Supplied information:
..........
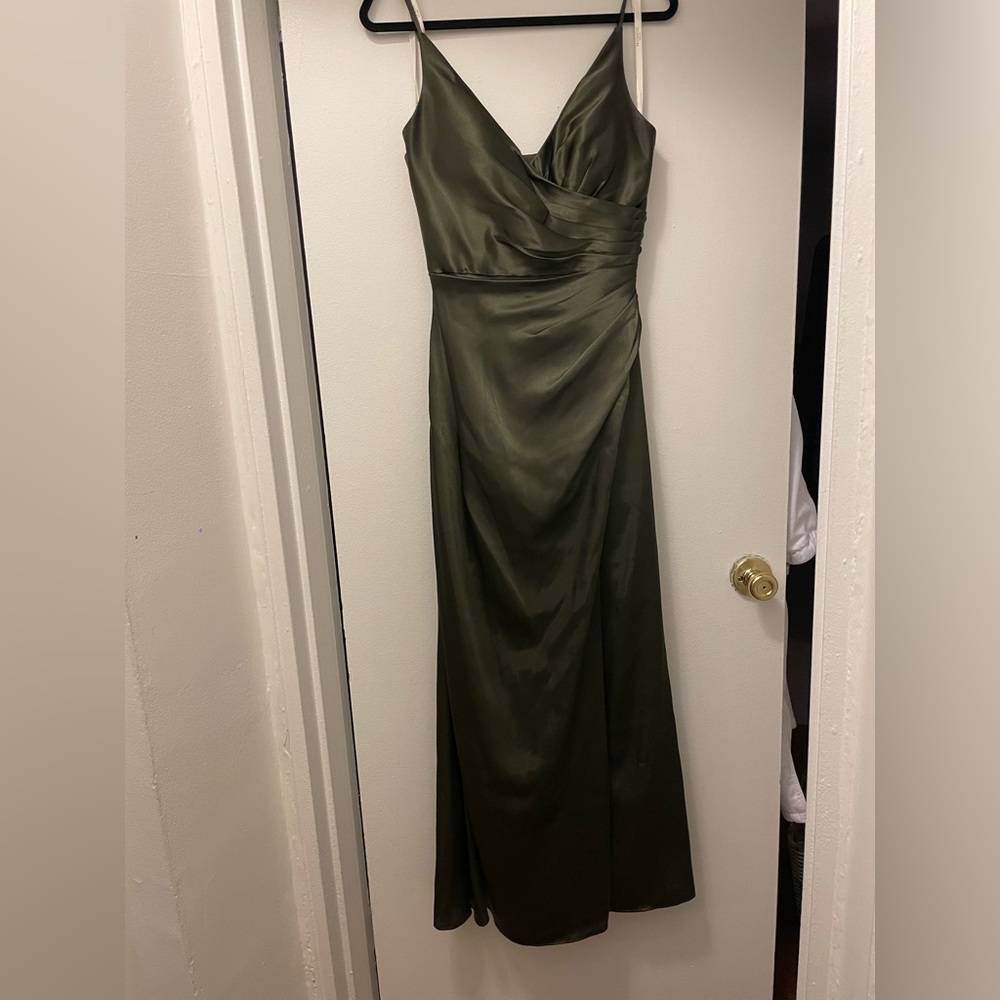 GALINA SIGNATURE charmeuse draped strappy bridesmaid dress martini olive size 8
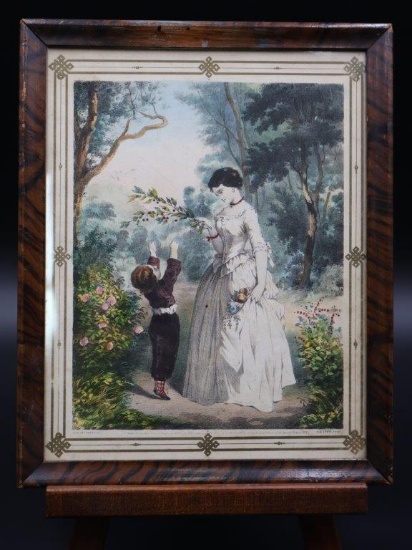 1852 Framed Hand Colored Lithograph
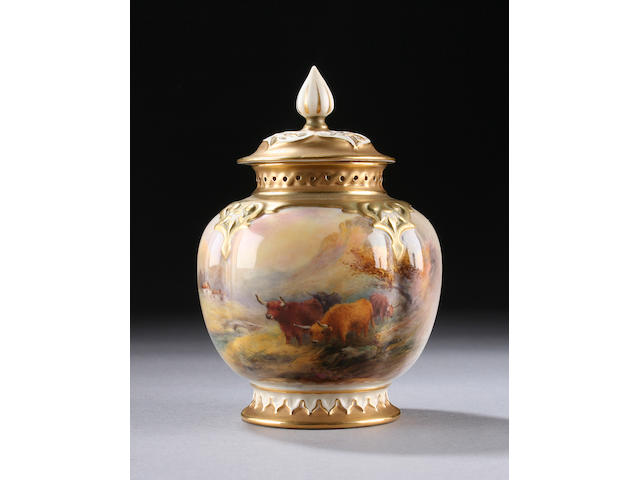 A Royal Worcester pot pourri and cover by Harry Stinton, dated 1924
..........
Problem description: Before copying the data, remove the pictures. Then repeat the rest exactly.

Task response:
 GALINA SIGNATURE charmeuse draped strappy bridesmaid dress martini olive size 8
 1852 Framed Hand Colored Lithograph
 A Royal Worcester pot pourri and cover by Harry Stinton, dated 1924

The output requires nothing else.